>>

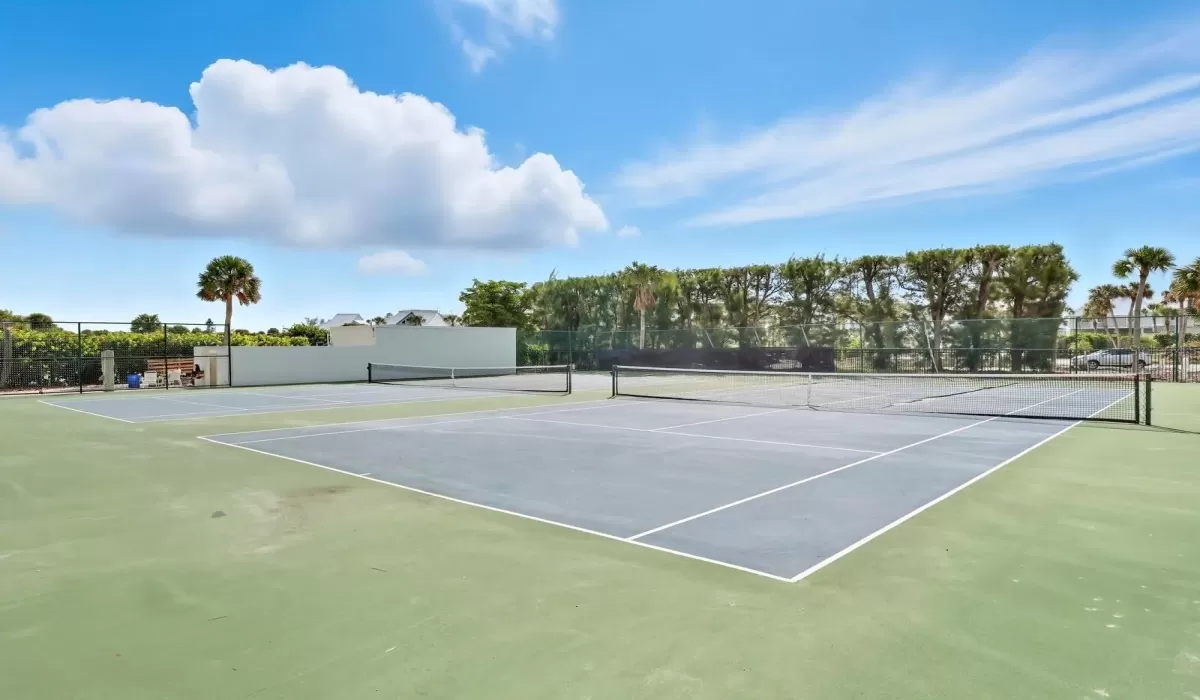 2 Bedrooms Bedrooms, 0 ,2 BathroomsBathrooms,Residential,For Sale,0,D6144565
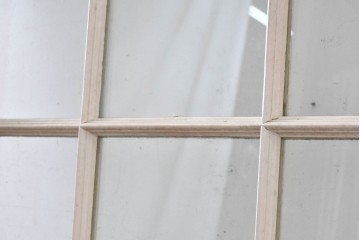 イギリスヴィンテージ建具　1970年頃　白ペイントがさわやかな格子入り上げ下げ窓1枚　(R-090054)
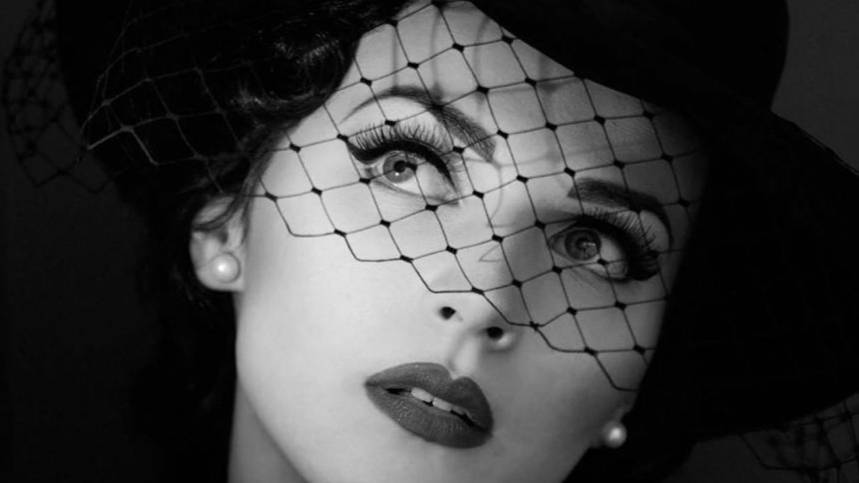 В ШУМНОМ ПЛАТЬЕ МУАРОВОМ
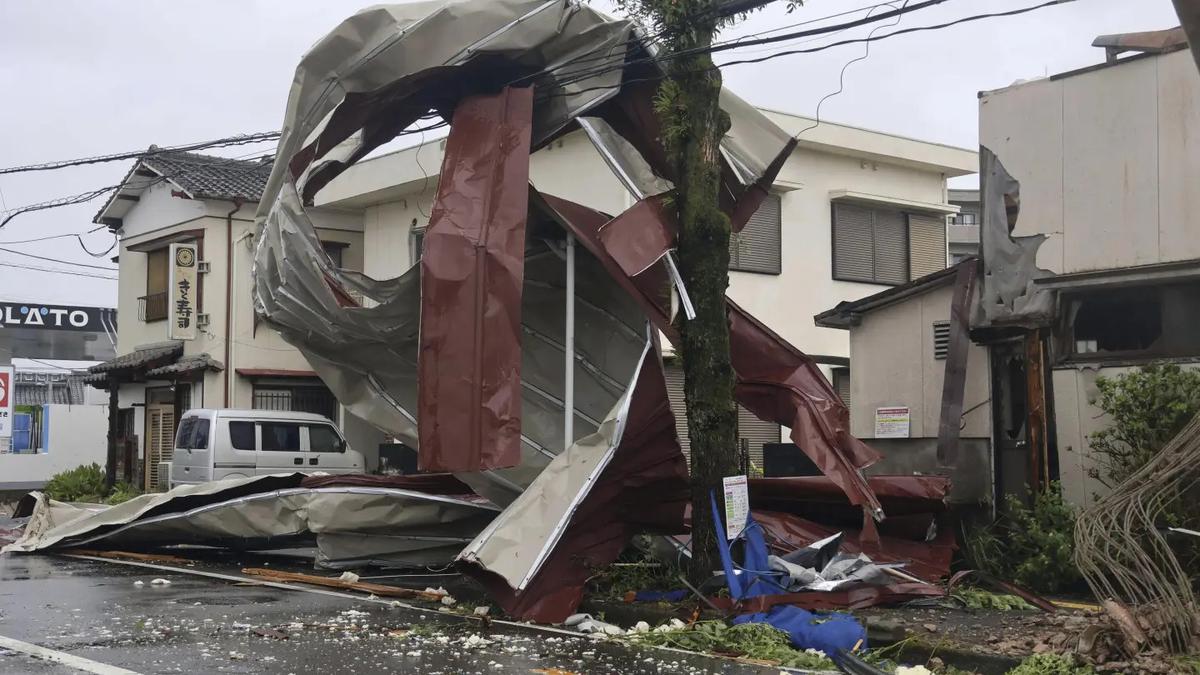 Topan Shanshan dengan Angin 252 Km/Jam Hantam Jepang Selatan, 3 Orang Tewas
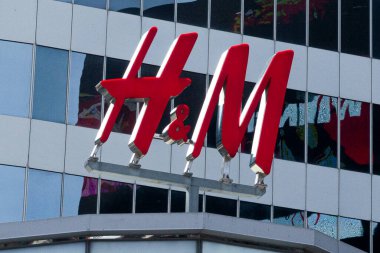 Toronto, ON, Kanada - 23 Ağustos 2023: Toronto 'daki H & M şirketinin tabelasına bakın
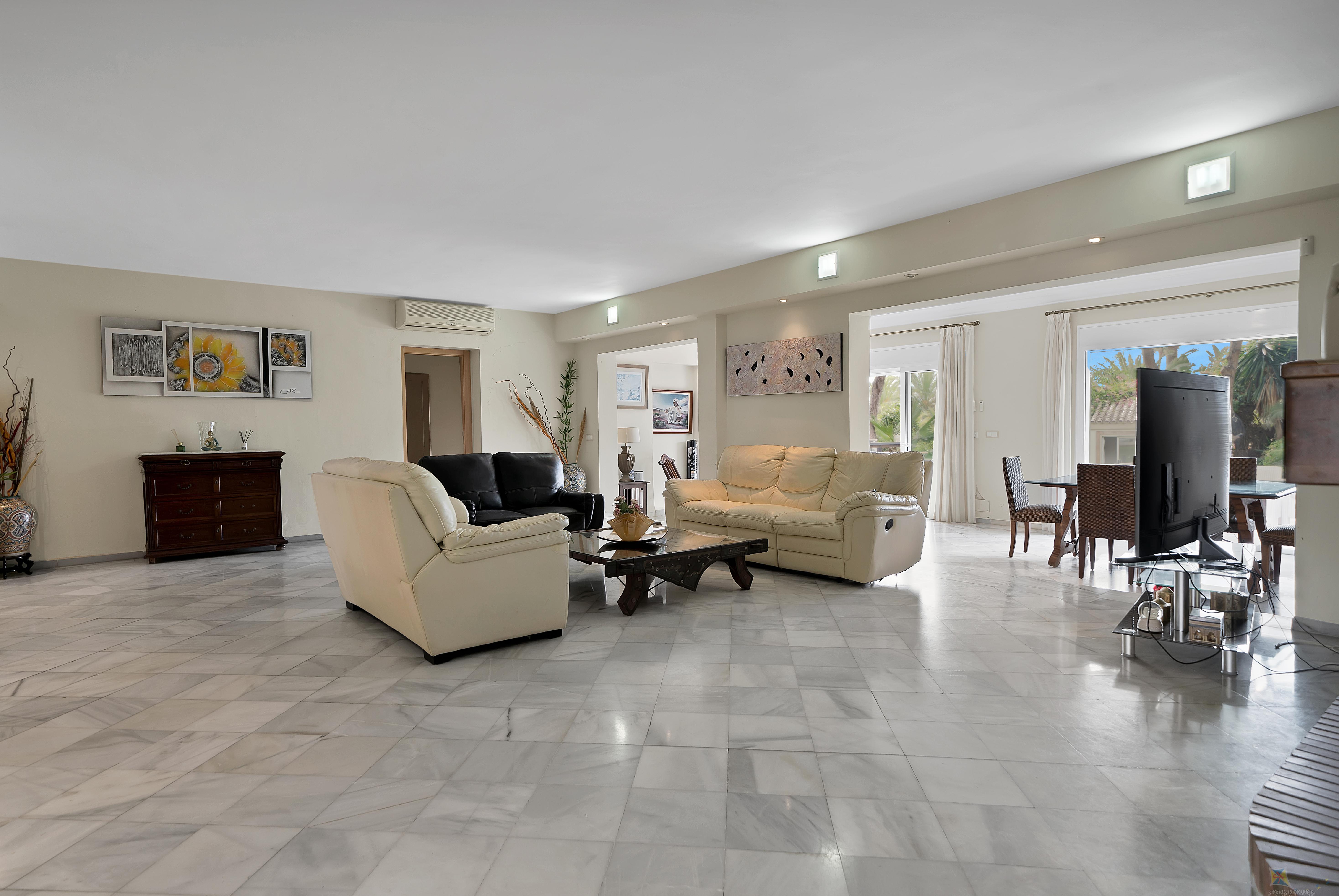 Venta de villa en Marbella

<<

The entries above are to be restated verbatim, with no pictures carried over.

 2 Bedrooms Bedrooms, 0 ,2 BathroomsBathrooms,Residential,For Sale,0,D6144565
 イギリスヴィンテージ建具　1970年頃　白ペイントがさわやかな格子入り上げ下げ窓1枚　(R-090054)
 В ШУМНОМ ПЛАТЬЕ МУАРОВОМ
 Topan Shanshan dengan Angin 252 Km/Jam Hantam Jepang Selatan, 3 Orang Tewas
 Toronto, ON, Kanada - 23 Ağustos 2023: Toronto 'daki H & M şirketinin tabelasına bakın
 Venta de villa en Marbella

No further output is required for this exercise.